Странно сомневаться в том, что повторяется из раза в раз, но не спектакль. Скажем, «деньрождённые» пожелания. Даже отпетые негодяи – а на них печати, на работе их все знают как негодяев, – ни разу не пожелали мне «Сдохни уже, наконец, зараза!» Потому что негодяй – он в принципе не способен на честный, приличный… Да нет, совсем неприличный выйдет поступок. Врать не стану, не скажу, что бы обрадовался такой откровенности. Пусть уж остаются кем есть.

– Ну… Оглашай же приговор. Не томи.

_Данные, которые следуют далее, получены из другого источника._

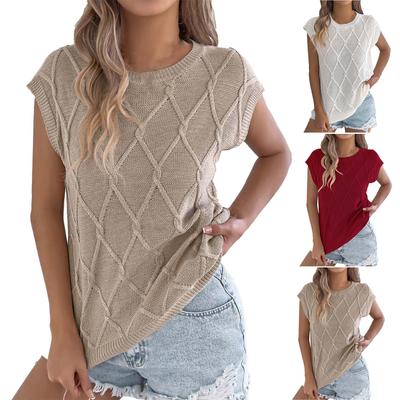 Women's Fashion -Color Twisted Batwinged Sleeve Casual Loose Knitted Top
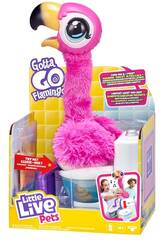 Little Live Pets Animale domestico interattivo Gotta Go Flamingo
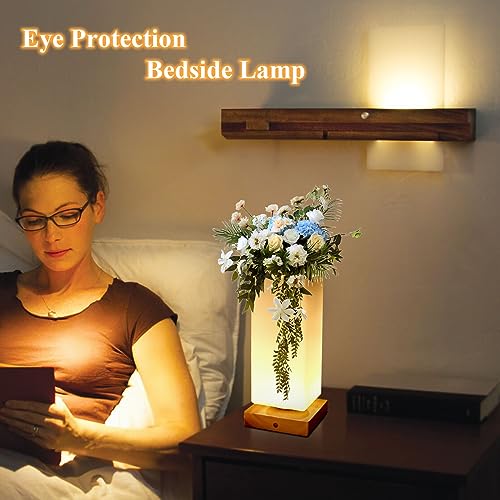 GOUTOOL Vase Table Lamp, DIY Vase Lamp USB Charging Port Dimmable Flower Lamp - Image 3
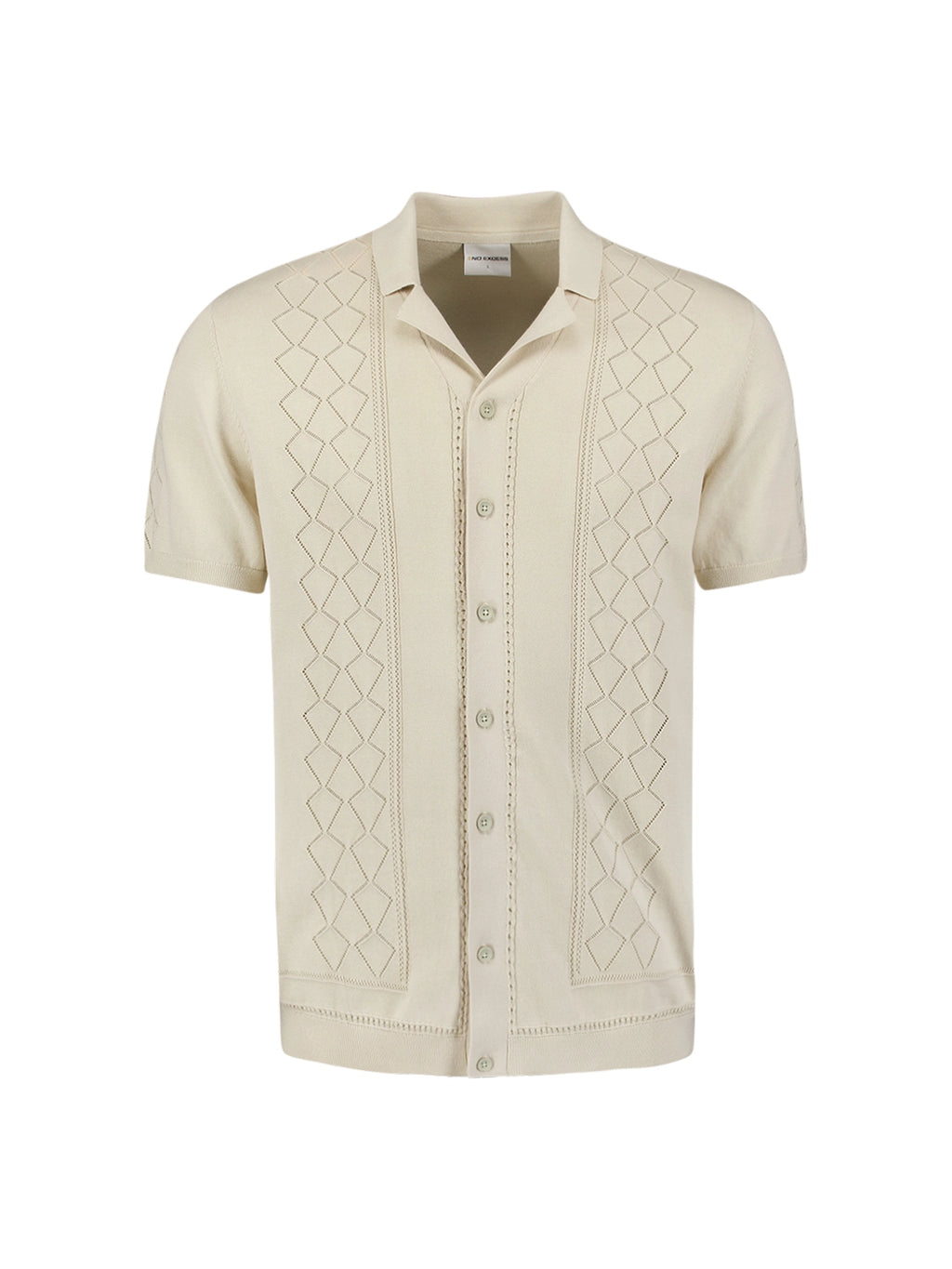 NO EXCESS JACQUARD S/S FULL BUTTON POLO 27210349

Каким? – повторяю вопрос, ни на гран не добавив лицу серьёзности.

Сестра редко договаривает. Максимум, чего мне удалось от нее пару раз добиться, так это всеохватывающего и всеобъемлющего:

– Таким.

Без иронии: это емкое слово, предлагающее мне, вам, любому из нас самому забацать скоростную, внеплановую инвентаризацию дум, чувств, настроений, характера, поведения, взглядов на политику, мир, свою жизнь в нем и на то, как эта жизнь осложняет жизнь другим людям… Оно, блядь, не может не приводить в бешенство!!!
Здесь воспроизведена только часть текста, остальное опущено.